Problem to solve: Give back exactly the lines of the material below, starting with the line with "Pop H Metal Gold Necklace" and going on through the line with "Unisex Vintage Large".

Exercise inputs:
○ ○ ○ ○ ○ ○ ○

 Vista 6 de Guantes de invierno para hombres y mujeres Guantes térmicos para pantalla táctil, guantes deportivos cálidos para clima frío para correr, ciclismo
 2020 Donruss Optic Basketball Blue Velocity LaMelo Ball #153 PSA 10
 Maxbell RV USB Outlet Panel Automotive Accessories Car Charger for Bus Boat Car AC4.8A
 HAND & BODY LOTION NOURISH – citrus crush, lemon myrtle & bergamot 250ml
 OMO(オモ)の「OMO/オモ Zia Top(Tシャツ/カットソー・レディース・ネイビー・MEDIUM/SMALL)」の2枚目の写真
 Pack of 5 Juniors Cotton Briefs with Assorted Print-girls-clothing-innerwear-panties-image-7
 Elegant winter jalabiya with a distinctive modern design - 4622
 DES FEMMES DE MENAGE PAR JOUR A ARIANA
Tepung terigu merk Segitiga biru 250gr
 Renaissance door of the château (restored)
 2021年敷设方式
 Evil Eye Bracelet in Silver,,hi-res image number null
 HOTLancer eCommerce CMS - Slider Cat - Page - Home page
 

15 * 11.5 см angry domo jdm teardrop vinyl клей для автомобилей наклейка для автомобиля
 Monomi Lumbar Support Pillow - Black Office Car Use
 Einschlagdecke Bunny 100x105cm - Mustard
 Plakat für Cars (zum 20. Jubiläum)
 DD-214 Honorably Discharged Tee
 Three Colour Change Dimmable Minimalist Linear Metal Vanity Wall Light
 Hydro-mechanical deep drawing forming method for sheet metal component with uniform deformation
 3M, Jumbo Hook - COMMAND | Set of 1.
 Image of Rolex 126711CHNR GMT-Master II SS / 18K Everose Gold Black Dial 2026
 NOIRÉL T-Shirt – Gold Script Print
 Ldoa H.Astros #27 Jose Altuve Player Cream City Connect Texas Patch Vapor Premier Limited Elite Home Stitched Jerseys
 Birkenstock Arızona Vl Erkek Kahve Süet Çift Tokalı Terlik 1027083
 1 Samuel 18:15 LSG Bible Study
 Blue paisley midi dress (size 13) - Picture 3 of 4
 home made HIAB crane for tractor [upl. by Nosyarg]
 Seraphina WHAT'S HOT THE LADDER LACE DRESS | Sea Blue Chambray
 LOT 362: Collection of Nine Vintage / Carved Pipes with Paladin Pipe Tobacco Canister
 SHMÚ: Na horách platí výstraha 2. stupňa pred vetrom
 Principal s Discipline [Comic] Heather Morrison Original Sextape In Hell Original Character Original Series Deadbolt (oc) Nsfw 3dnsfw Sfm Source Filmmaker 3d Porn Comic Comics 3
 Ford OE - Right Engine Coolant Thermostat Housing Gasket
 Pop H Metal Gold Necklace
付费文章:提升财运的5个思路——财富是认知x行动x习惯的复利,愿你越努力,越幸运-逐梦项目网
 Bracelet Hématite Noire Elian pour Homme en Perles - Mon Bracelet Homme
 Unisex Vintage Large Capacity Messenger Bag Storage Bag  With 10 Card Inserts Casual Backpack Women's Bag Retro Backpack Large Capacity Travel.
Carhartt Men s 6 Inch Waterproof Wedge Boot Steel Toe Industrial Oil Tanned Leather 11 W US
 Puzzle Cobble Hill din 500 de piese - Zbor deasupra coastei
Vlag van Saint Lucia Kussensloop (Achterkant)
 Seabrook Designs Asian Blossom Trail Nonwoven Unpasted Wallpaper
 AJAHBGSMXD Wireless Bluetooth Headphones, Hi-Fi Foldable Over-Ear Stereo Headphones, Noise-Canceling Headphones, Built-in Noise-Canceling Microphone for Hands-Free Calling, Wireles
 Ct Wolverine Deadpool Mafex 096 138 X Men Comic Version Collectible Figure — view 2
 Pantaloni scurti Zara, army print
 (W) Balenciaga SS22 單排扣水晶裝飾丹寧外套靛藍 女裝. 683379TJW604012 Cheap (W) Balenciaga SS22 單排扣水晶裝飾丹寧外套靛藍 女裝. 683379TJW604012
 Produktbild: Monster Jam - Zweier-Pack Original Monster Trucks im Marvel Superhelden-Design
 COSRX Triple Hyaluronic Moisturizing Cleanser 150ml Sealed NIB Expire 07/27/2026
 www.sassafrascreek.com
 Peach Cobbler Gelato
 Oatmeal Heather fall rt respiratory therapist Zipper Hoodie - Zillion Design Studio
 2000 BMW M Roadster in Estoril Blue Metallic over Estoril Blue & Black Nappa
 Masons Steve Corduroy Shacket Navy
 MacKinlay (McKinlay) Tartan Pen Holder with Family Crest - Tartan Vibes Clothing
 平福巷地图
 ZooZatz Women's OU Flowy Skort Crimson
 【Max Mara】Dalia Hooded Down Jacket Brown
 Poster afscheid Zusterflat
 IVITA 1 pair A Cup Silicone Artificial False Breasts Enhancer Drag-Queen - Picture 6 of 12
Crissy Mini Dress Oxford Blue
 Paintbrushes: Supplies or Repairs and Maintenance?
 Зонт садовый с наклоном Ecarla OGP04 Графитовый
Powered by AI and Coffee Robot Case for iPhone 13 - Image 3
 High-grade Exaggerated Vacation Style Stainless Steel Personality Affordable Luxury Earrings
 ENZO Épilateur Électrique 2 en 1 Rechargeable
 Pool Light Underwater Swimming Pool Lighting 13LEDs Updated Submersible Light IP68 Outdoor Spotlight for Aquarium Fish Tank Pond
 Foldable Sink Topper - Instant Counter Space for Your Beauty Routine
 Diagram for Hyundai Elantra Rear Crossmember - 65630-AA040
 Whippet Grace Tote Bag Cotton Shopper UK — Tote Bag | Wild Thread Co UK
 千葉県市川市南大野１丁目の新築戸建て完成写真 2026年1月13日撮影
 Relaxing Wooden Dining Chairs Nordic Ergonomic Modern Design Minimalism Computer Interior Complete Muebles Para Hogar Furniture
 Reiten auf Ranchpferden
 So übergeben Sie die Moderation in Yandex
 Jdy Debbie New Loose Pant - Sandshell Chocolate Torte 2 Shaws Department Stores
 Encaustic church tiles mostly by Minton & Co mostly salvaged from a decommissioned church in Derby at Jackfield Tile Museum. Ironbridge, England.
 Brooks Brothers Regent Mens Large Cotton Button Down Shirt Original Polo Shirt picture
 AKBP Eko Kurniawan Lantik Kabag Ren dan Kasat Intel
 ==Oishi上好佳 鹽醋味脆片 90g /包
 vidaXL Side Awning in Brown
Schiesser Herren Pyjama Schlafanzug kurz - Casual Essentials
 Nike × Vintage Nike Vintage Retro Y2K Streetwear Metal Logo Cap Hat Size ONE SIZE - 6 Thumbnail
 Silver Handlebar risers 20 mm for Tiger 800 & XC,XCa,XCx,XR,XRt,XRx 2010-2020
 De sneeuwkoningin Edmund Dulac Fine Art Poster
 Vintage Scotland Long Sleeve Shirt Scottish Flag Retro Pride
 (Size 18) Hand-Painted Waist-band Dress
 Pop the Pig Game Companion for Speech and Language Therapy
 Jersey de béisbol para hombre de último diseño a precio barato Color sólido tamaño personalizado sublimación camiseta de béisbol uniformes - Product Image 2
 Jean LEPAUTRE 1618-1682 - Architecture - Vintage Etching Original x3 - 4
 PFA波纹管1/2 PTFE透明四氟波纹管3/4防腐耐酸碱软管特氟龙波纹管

○ ○ ○ ○ ○ ○ ○

Answer area:
 Pop H Metal Gold Necklace
付费文章:提升财运的5个思路——财富是认知x行动x习惯的复利,愿你越努力,越幸运-逐梦项目网
 Bracelet Hématite Noire Elian pour Homme en Perles - Mon Bracelet Homme
 Unisex Vintage Large Capacity Messenger Bag Storage Bag  With 10 Card Inserts Casual Backpack Women's Bag Retro Backpack Large Capacity Travel.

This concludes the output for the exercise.